## [WHAT IS BEING ASKED]
Set the listing down again exactly, please, apart from its pictures.

## [INFORMATION SHOWN]
□ □ □ □ □ □ □

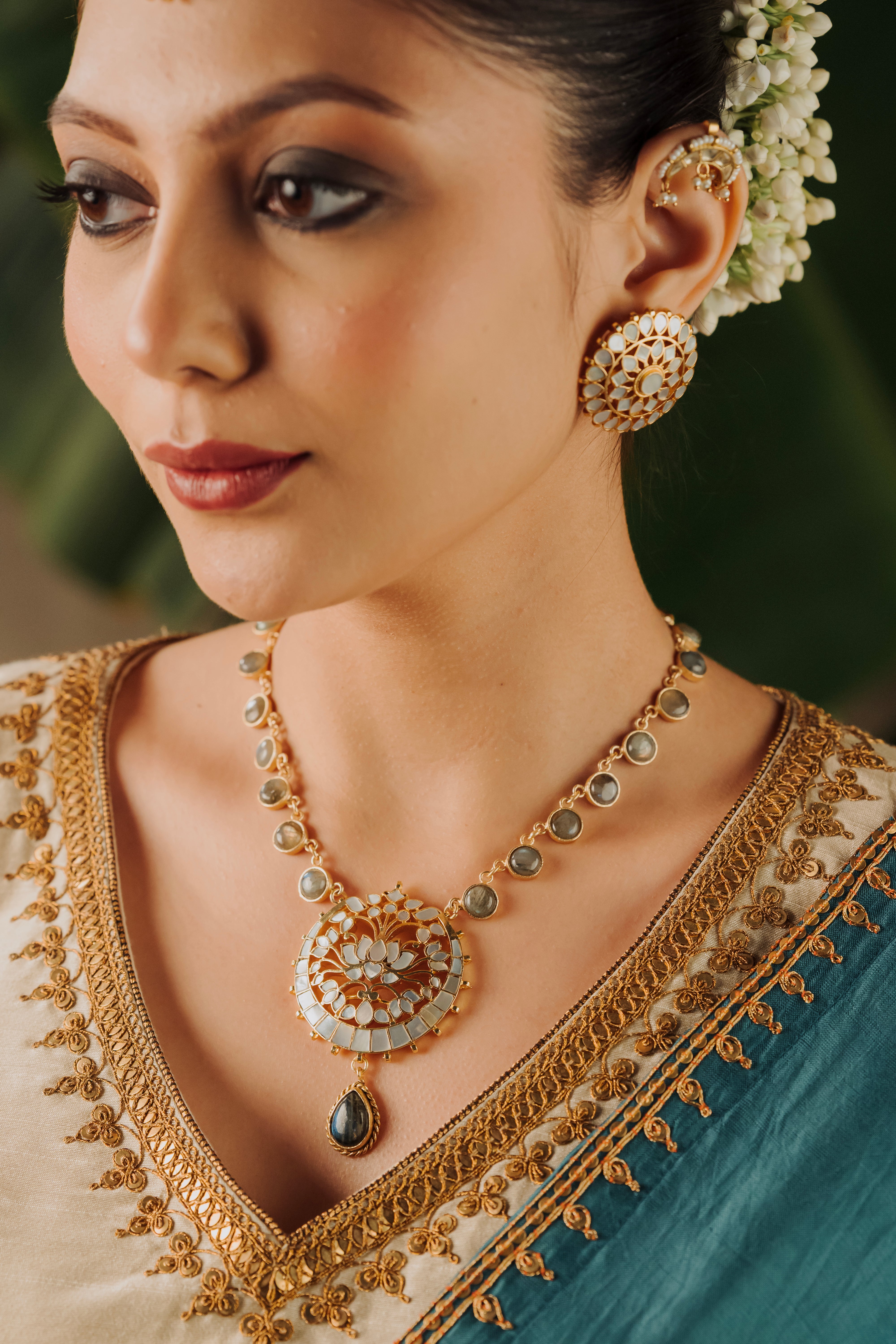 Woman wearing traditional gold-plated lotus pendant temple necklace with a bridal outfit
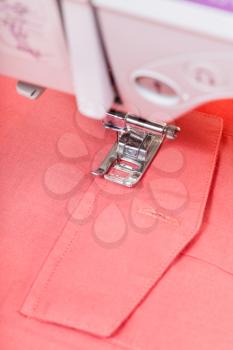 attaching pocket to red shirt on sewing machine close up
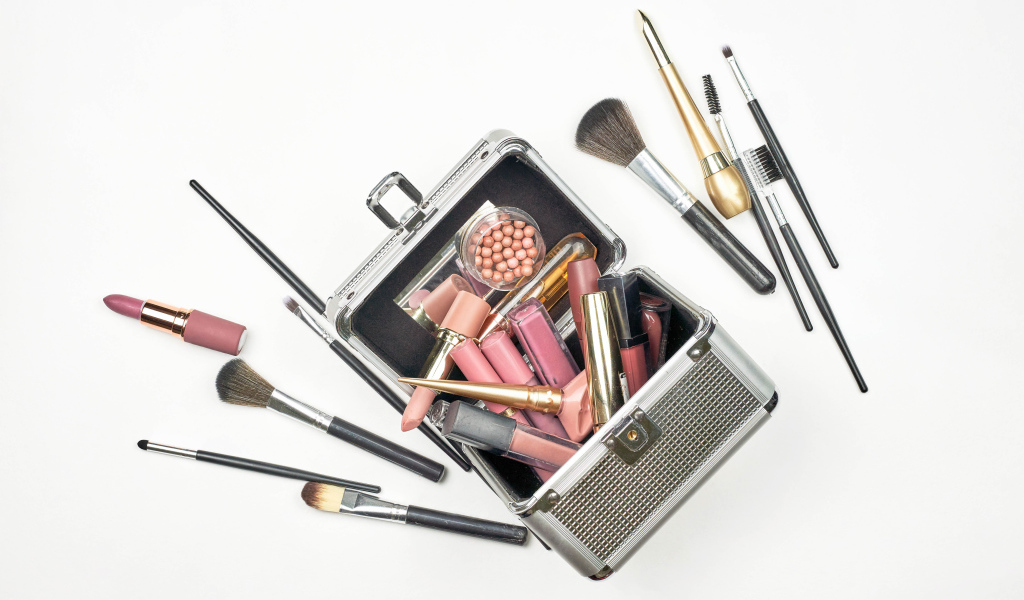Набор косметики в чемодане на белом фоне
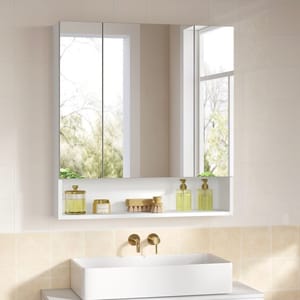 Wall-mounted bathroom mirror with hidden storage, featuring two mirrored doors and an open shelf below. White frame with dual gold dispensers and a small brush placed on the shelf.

□ □ □ □ □ □ □

## [OUTPUT BELOW]
 Woman wearing traditional gold-plated lotus pendant temple necklace with a bridal outfit
 attaching pocket to red shirt on sewing machine close up
Набор косметики в чемодане на белом фоне
 Wall-mounted bathroom mirror with hidden storage, featuring two mirrored doors and an open shelf below. White frame with dual gold dispensers and a small brush placed on the shelf.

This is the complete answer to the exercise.